Anjani Kumar, Sunil Saroj, Pramod Kumar Joshi, Hiroyuki Takeshima
food policy

This paper examines the factors that influence dairy farmers’ decisions to become members of milk cooperative societies, and the impact of cooperative membership on milk yield, net returns per liter, and adoption of FSM. The study used farm-level panel data collected from a randomly selected sample of 148 households. Simple comparisons of average milk yield, net returns per liter, and FSM adoption revealed significant differences between members and nonmembers of dairy cooperatives. As these comparisons are merely descriptive and do not account for confounding factors that affect the differences, we employed an ESR model that accounts for both observed and unobserved factors to consider the issue of selection bias.
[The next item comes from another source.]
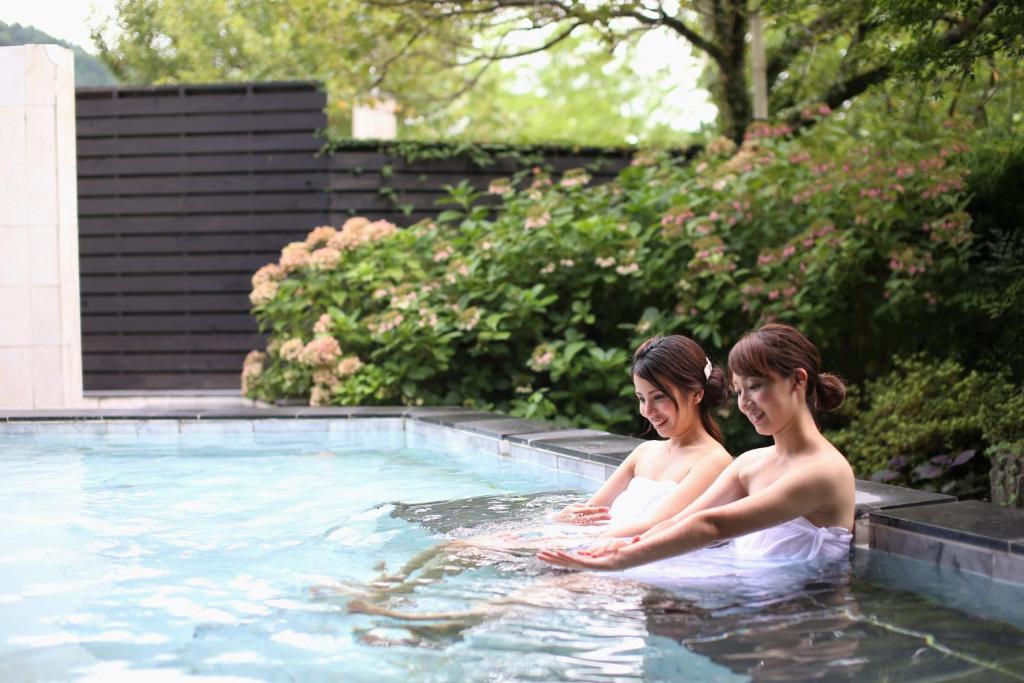 Okutsu Onsen Komeya Club Review
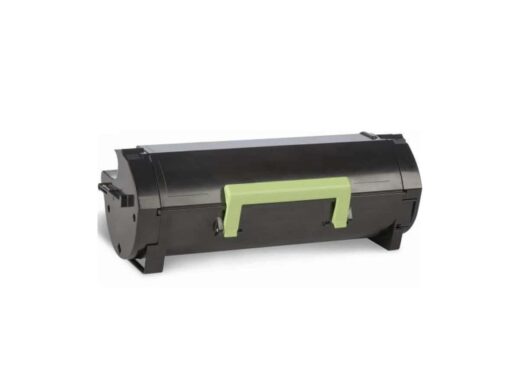 Lexmark 50F5000 Black Cartridge – 50F5000 1 Lexmark 50F5000 Black Cartridge - 50F5000 auto part product photo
The results revealed that sample selection bias would result if the outcome specifications were estimated without considering the membership decision. The empirical results showed a positive and significant relationship between dairy cooperative membership and milk yield, net returns per liter, and adoption of FSM. In particular, association with a dairy cooperative society tends to increase milk yield by 40 percent, net return by 38 percent, and adoption of FSM by 10 percent. The estimates, differentiated by farm size, revealed that the income gains brought about by dairy cooperative membership were higher for small-scale farmers. This finding suggests that dairy cooperatives can play a significant role in enhancing the household income of smallholder dairy farmers. The study also revealed that dairy cooperatives have the potential to enhance milk yield and net returns and improve farmers' compliance with FSM. Therefore, the government should further strengthen and promote the expansion of dairy cooperatives in India.